One of the most complex refineries in the world and the second-largest of Europe's six integrated refining-petrochemical "supersites," the Sarroch Refinery on the Italian island of Sardinia boasts a capacity of 300,000 b/d.
The Saras S.p.A.-owned refinery, which has been in operation since 1965, uses a highly flexible multi-train configuration that allows it to process a diverse slate of crude oils including: light extra sweet, light sweet, medium sweet, light sour, medium sour, and heavy sour. Centrally located in the Mediterranean region, the refinery sources more than 50% of its crude oil from Libya. Other significant sources of crude for the facility include the North Sea, the Former Soviet Union, and the Middle East.
Major process units at the Sarroch Refinery include the following: atmospheric distillation (3 units); vacuum distillation (2); visbreaking; distillate cracking (FCC); cat reforming (CCR); distillate hydrocracking (2); hydrotreating (5); alkylation; oxygenates (TAME); hydrogen/PSA (2); gasification (3); BTX plant; and semi-rigernerative reformer.
Light and medium products--particularly liquefied petroleum gas (LPG), gasoline, and diesel--constitute more than 80% of the refinery's product yield. Of this figure, approximately one-half comprises medium distillates (primarily diesel).
The Sarroch Refinery is noted for its ability to process heavier, more acidic unconventional crude oils, which are less expensive but more difficult to refine. Saras is enhancing the refinery's unconventional crude processing capability even further. In fact, roughly 57% of the company's approximately EUR1.1 billion refining capital spending plan for 2008 through 2011 is earmarked to support a strategy of continuous upgrading. Also, Saras plans to increase its conversion capacity at the facility--increasing diesel production/middle distillate yield by 2.5% (or 365,000 t/y) at the expense of fuel oil.

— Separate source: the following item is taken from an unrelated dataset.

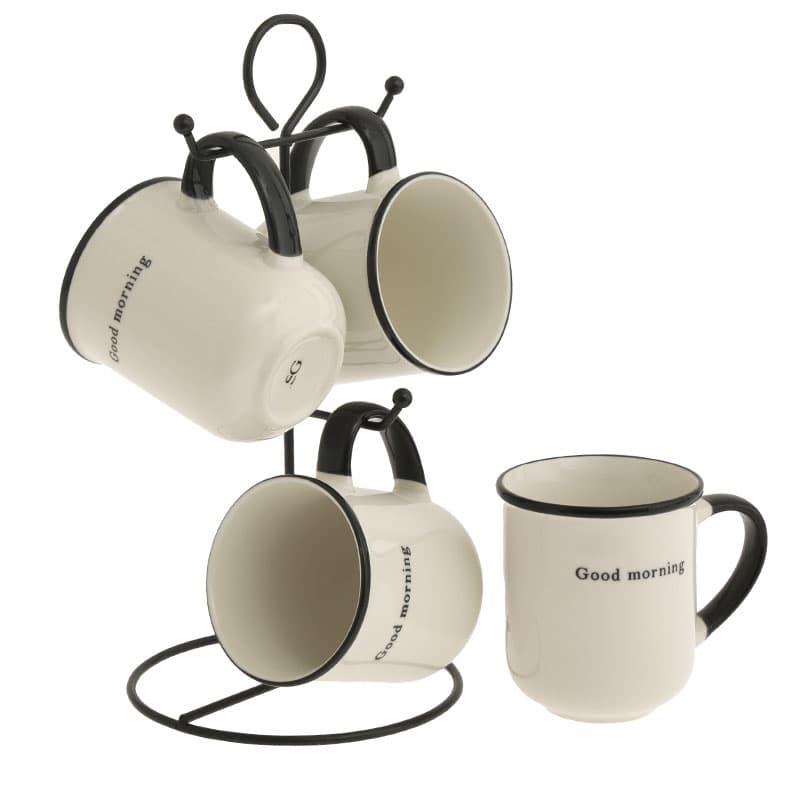 Juego Café Alix C/Soporte vista 2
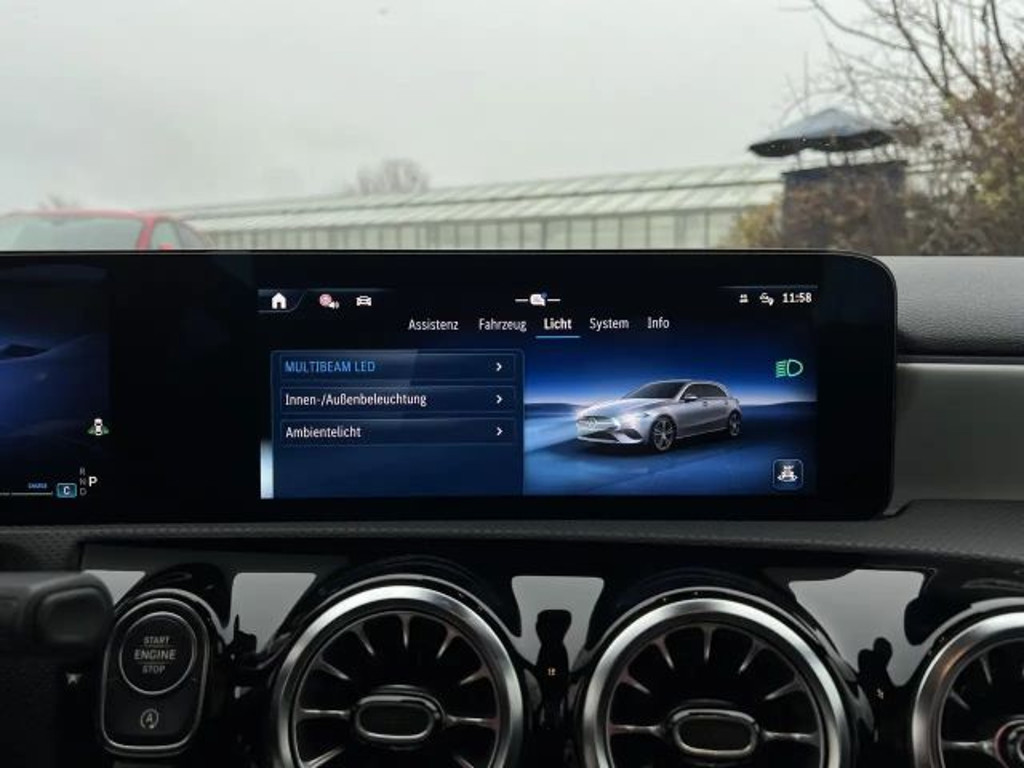 Mercedes-Benz A-Klasse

Saras plans to achieve its goal of increasing the refinery's conversion capacity in party by revamping the refinery's second mild hydrocracking unit (MHC 2) and installing a new steam reforming unit. In March 2008, Foster Wheeler announced that Saras awarded it an engineering, procurement, and construction management project to revamp MHC 2. The revamp will upgrade the facility's mild hydrocracking capacity, performance, and conversion while achieving a longer catalyst life duration. It includes major modification to the reaction section, including installation of a new pretreat reactor. In addition, the revamp calls for upgrading the gas compression circuit and installing a new high-pressure amine wash section. The revamped MHC 2 and new steam reforming unit, which will boost the refinery's diesel production by 5,500 b/d, should be online in Second Half 2010.
The visbreaking unit at the refinery also will be revamped. The project, which will enable the facility to produce an extra 2,000 b/d of diesel, is slated for completion in the second half of 2011.